Behind the scenes, Yahoo also is listening to partnership offers from Time Warner, News Corp., Google and others in an attempt to either drive Microsoft's bid higher or remain an independent company with a stock price that doesn't instinctively sink 25% if Microsoft rescinds its offer.
"The company's strong results are simply too little, too late to help keep Yahoo independent and out of the hands of Microsoft," Stifel Nicolaus' George Askew said.
Many said Wednesday that even if Microsoft does increase its bid, money put in Yahoo stock might sit idle for too long to make it a worthwhile investment.
Credit Suisse analyst Heath Terry seemed particularly impatient Wednesday in downgrading the stock even while raising his price target from $26 to $30.
"With Yahoo likely to continue to drag its feet on any deal with Microsoft, the risk of long regulatory approval process before the deal can close and little chance of a higher offer coming from either Microsoft or another bidder, we are revising our rating to 'neutral,' " he said.
Begging to differ is Citi analyst Mark Mahaney, in part because Internet advertising is where Microsoft needs to be.

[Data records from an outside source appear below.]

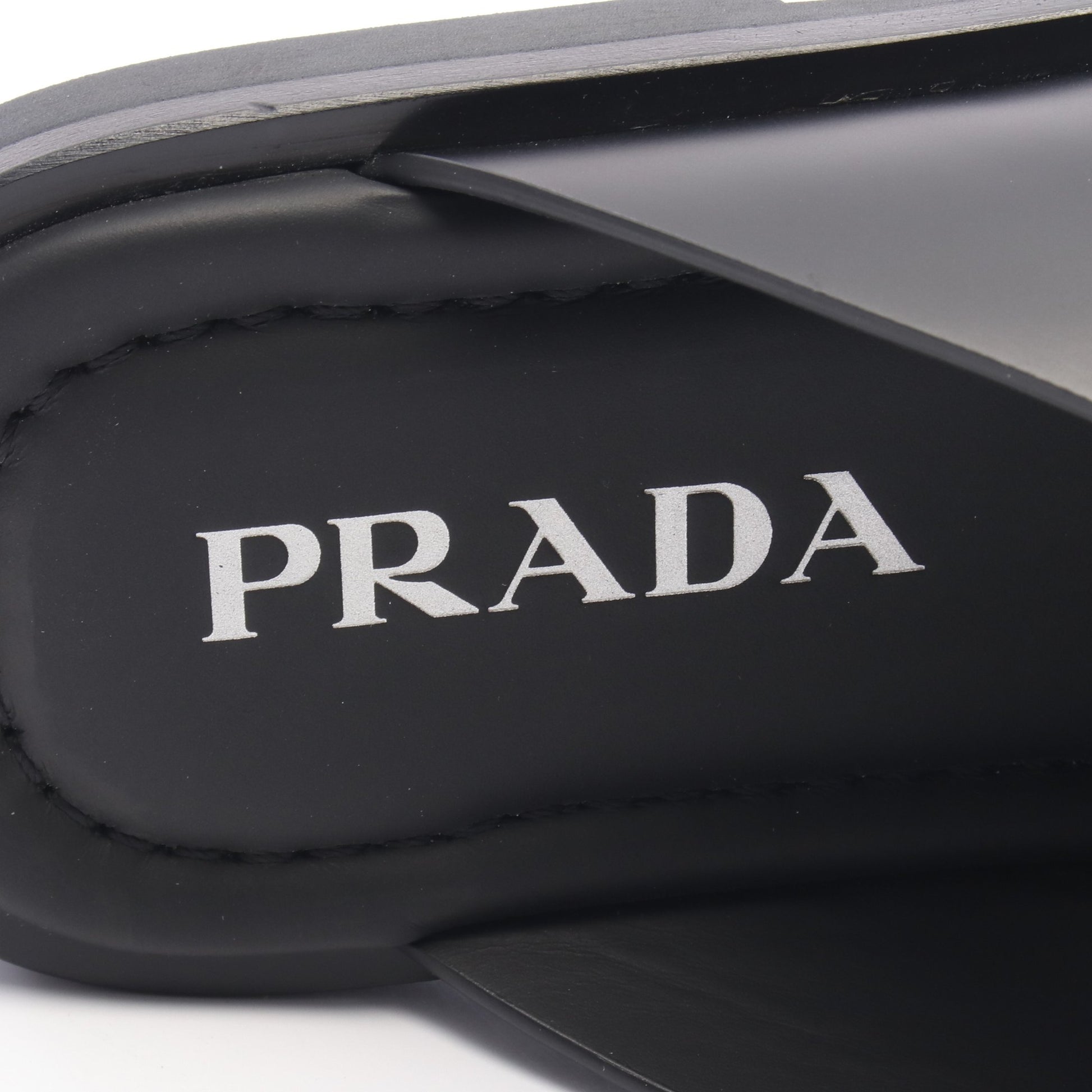 クリスクロス サンダル レザー ブラック プラダ シューズ PRADA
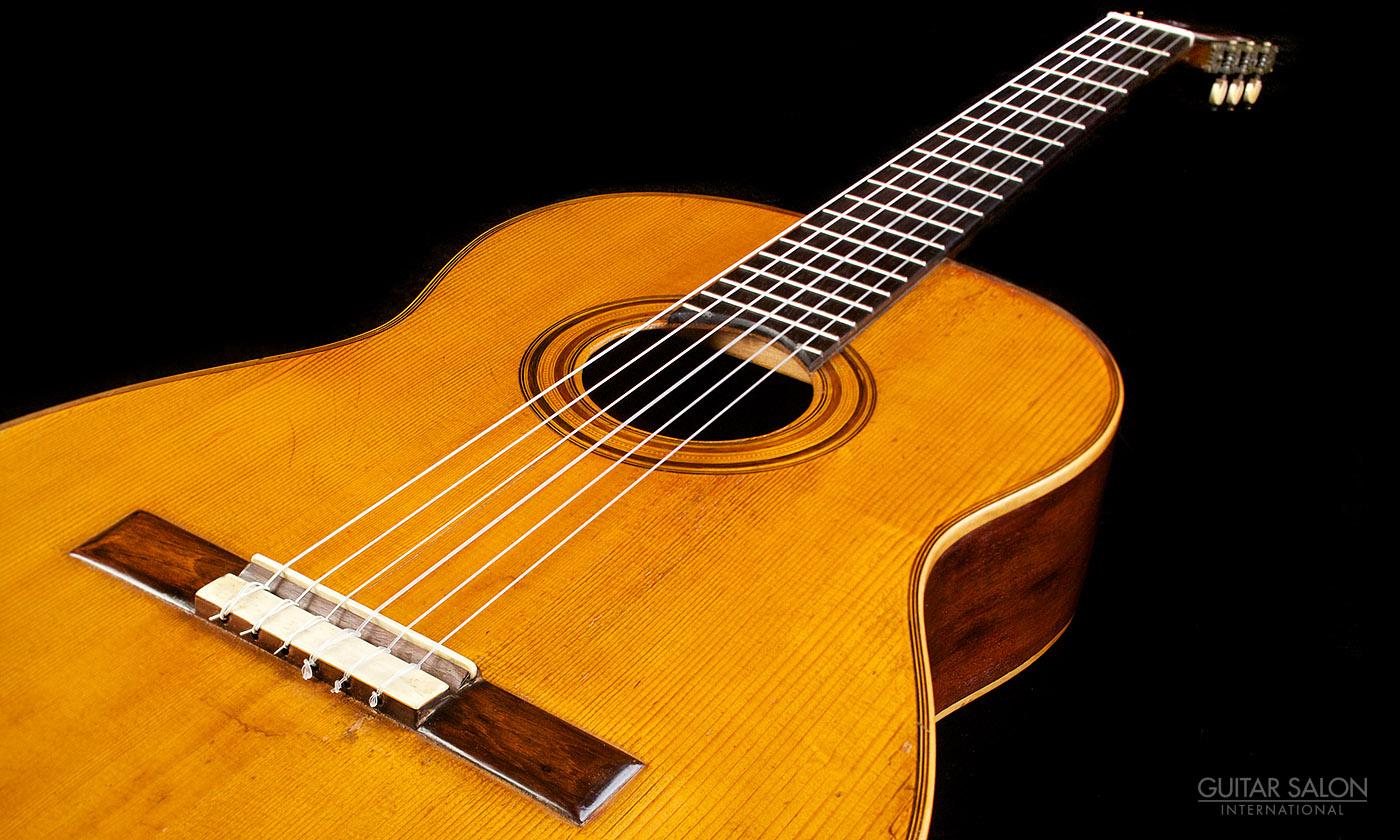 Thanks to Guitar Salon International for this image of the 1888 Torres SE 115 classical guitar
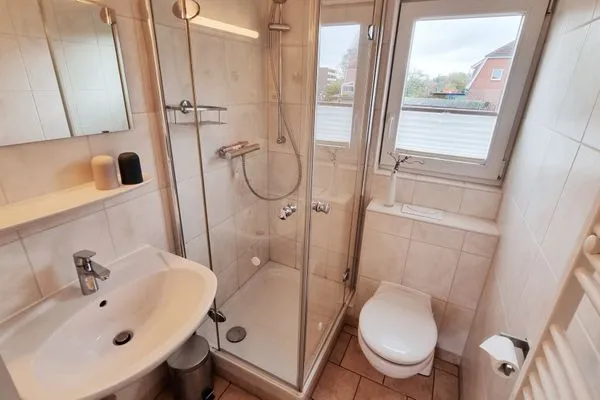 Badezimmer  Ferienwohnung "Achtern Diek 3" 1. Reihe an der Ostseeküste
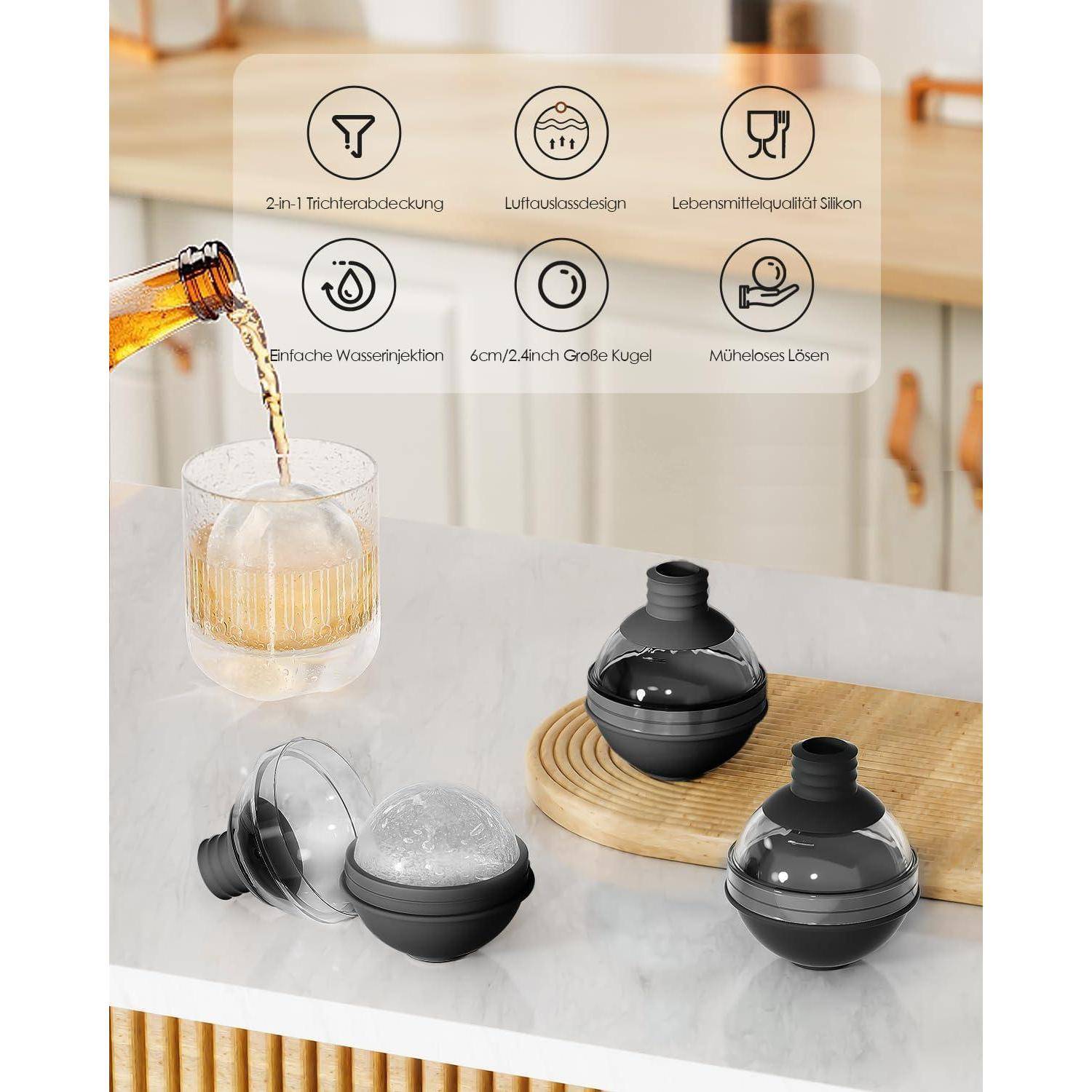 Eine Hand gießt ein Getränk durch einen Trichter in ein Glas. Im Vordergrund werden zwei schwarze und durchsichtige sphärische Eisformen gezeigt, eine geöffnet und eine geschlossen.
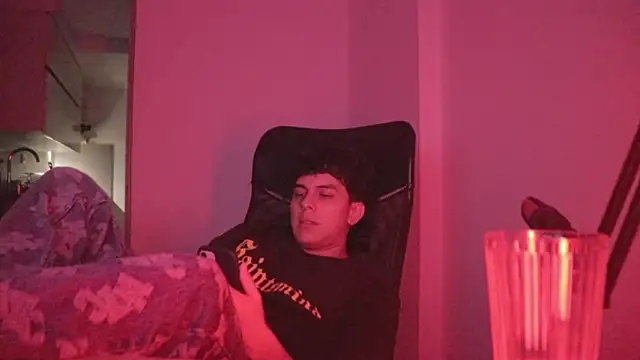 Show modela Tony_Hoffa na web-kameri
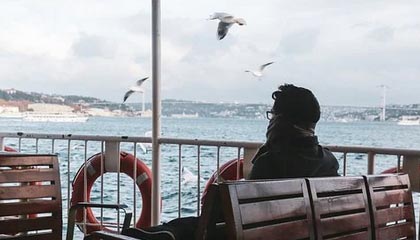 开云官方网站-巴萨“B队”欧冠大胜，科曼为巴萨打开一扇门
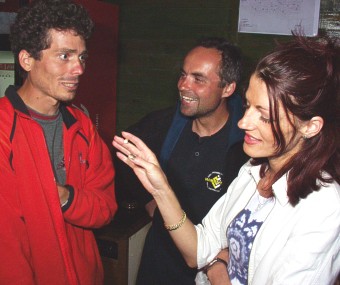  Tom� Lednik a Mirek Varva�ovsk�, oba dva za barem a bez koment��e ... 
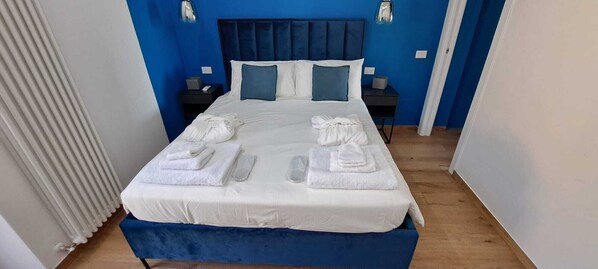 1 bedroom, iron/ironing board, travel cot, bed sheets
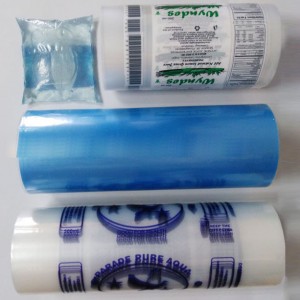 Банер рулону плівки з пакетиками для води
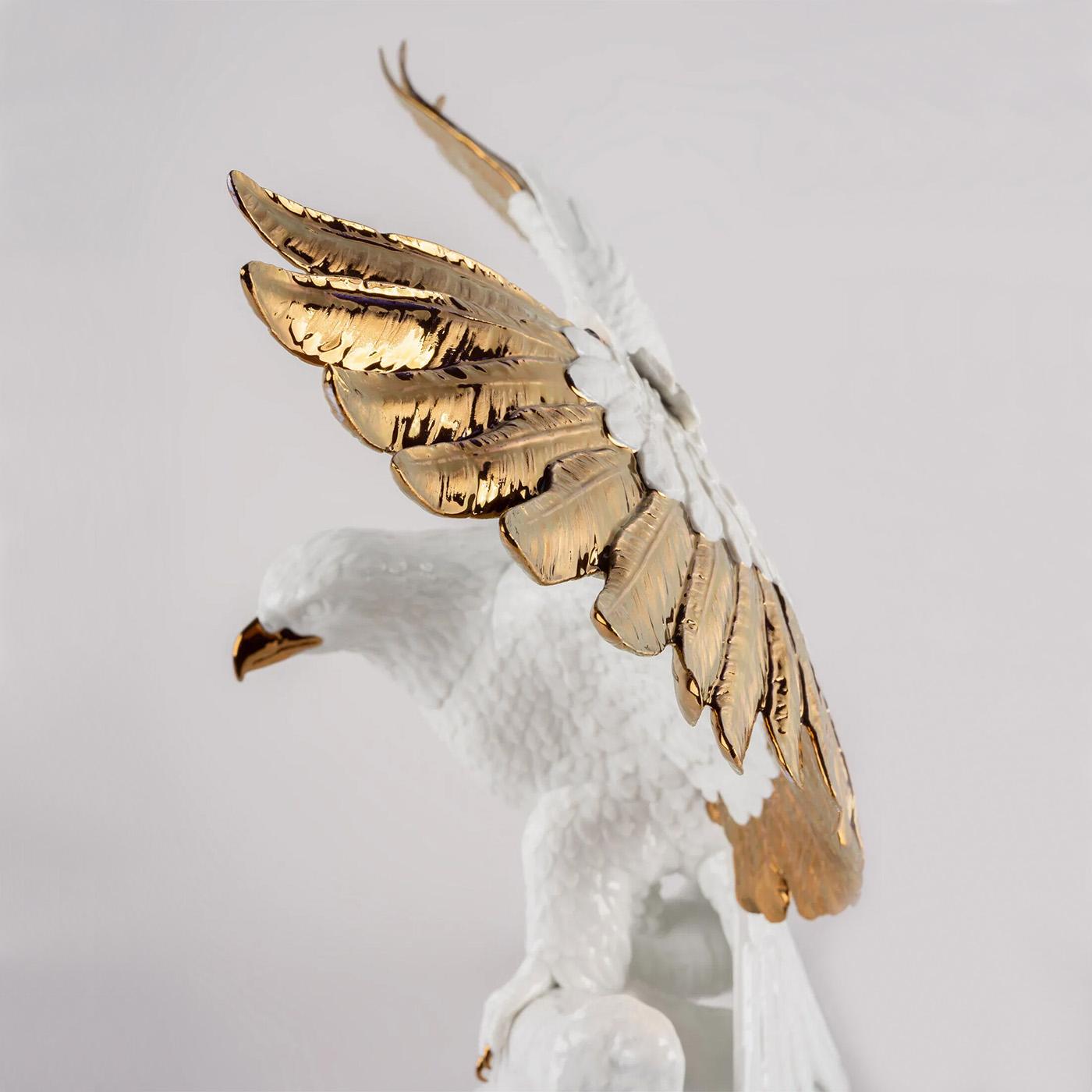 Skulptur eines weißen Adlers im Zustand „Neu“ im Angebot in Paris, FR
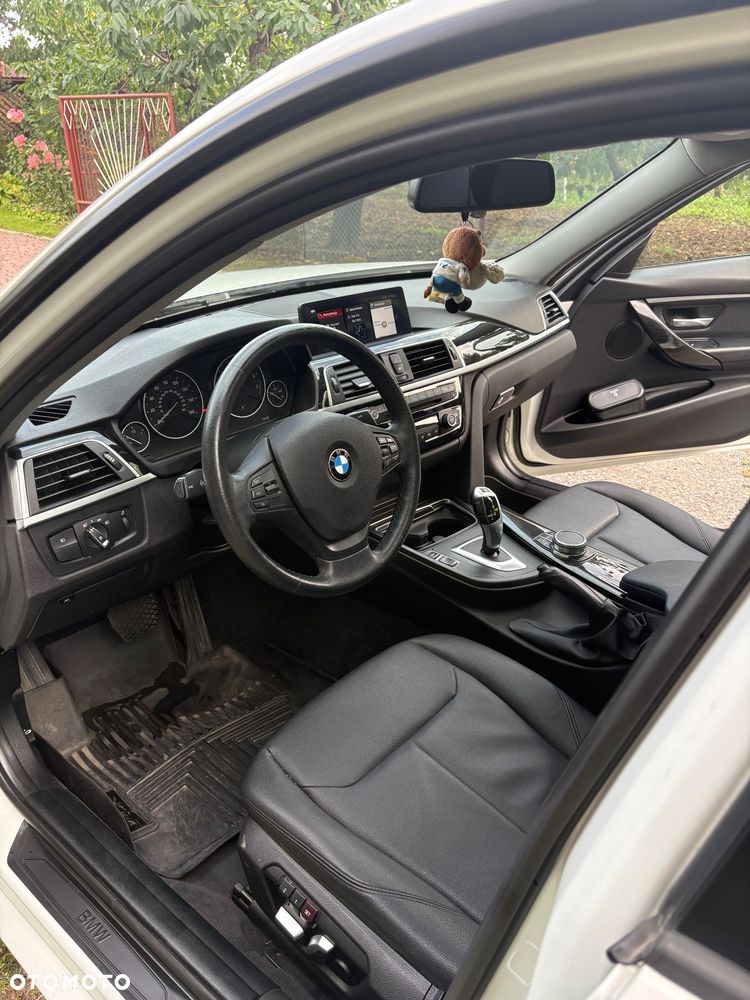 BMW Seria 3 320i xDrive Luxury Line - 8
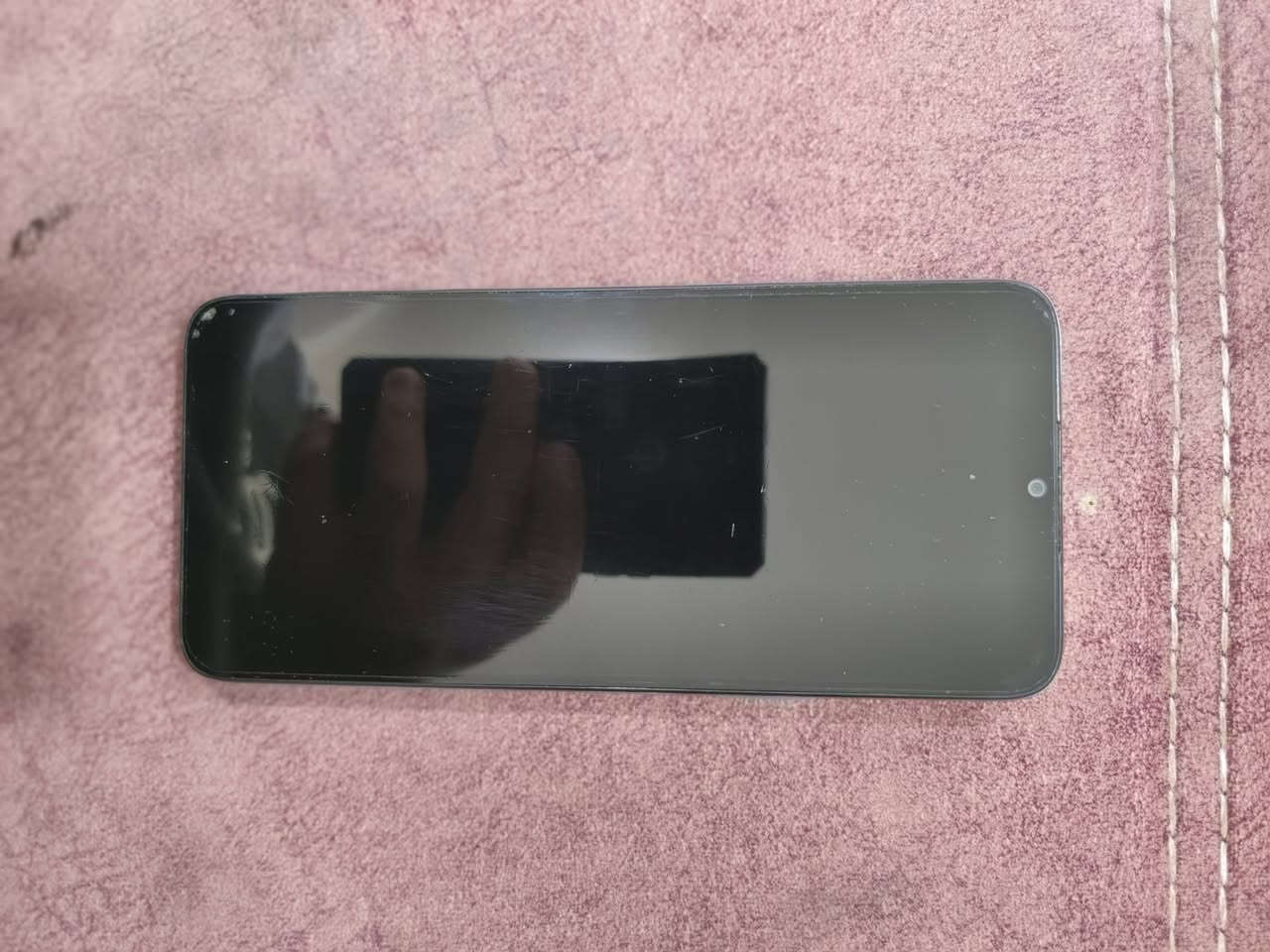 هونر  x6a  
ذاكره 128 برام 6 
بس بي عواج بالشاصي مايبين
سعر 65 وبي مجال


**إذا كنت صاحب هذا الإعلان وتريد حذفه لأي سبب، رجاءا أرسل رسالة إلى الدعم الفني**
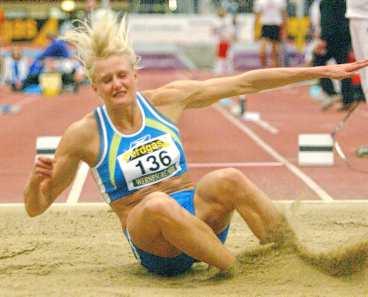 HITTAT RÄTT ANSATS Carolina Klüft närmar sig VM-formen. I går slog hon personligt inomhusrekord i tyska Chemnitz när hon hoppade 6,62 meter. "Jag har inte haft känslan sen i somras, i dag hittade jag den igen", säger Klüft.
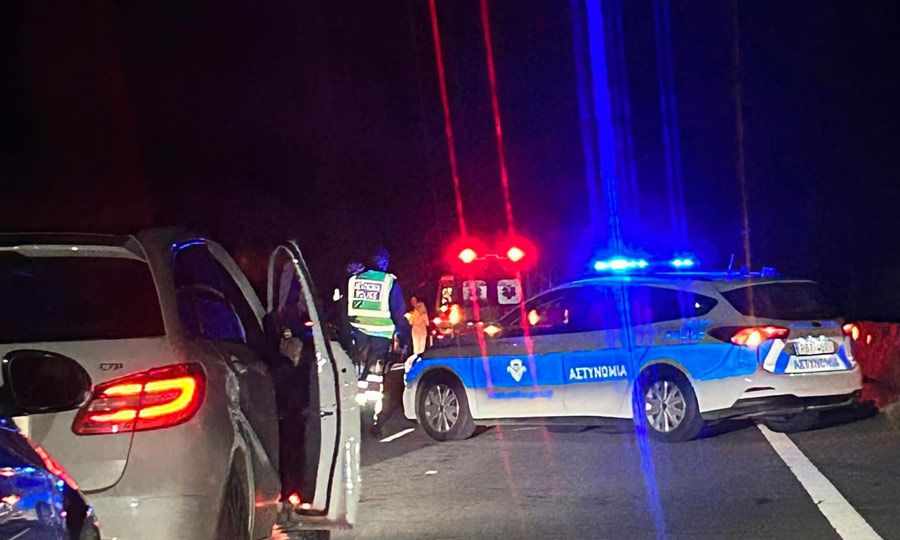 Σοβαρό τροχαίο ατύχημα αυτοκίνητο παρέσυρε πεζό
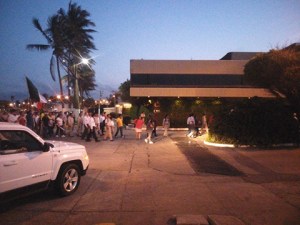 Le gritan afuera de su casa al familiar del director de PEMEX en México.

"Both Yahoo and Google's results suggest online advertising fundamentals aren't softening as much as feared," he said. "Further, first-quarter results indicate Google's lead continues to mount, so strategic options may be narrowing for erstwhile competitors.
"We detect in Yahoo's public comments a greater willingness to negotiate on price," Mahaney added. "We believe Yahoo shareholders will benefit."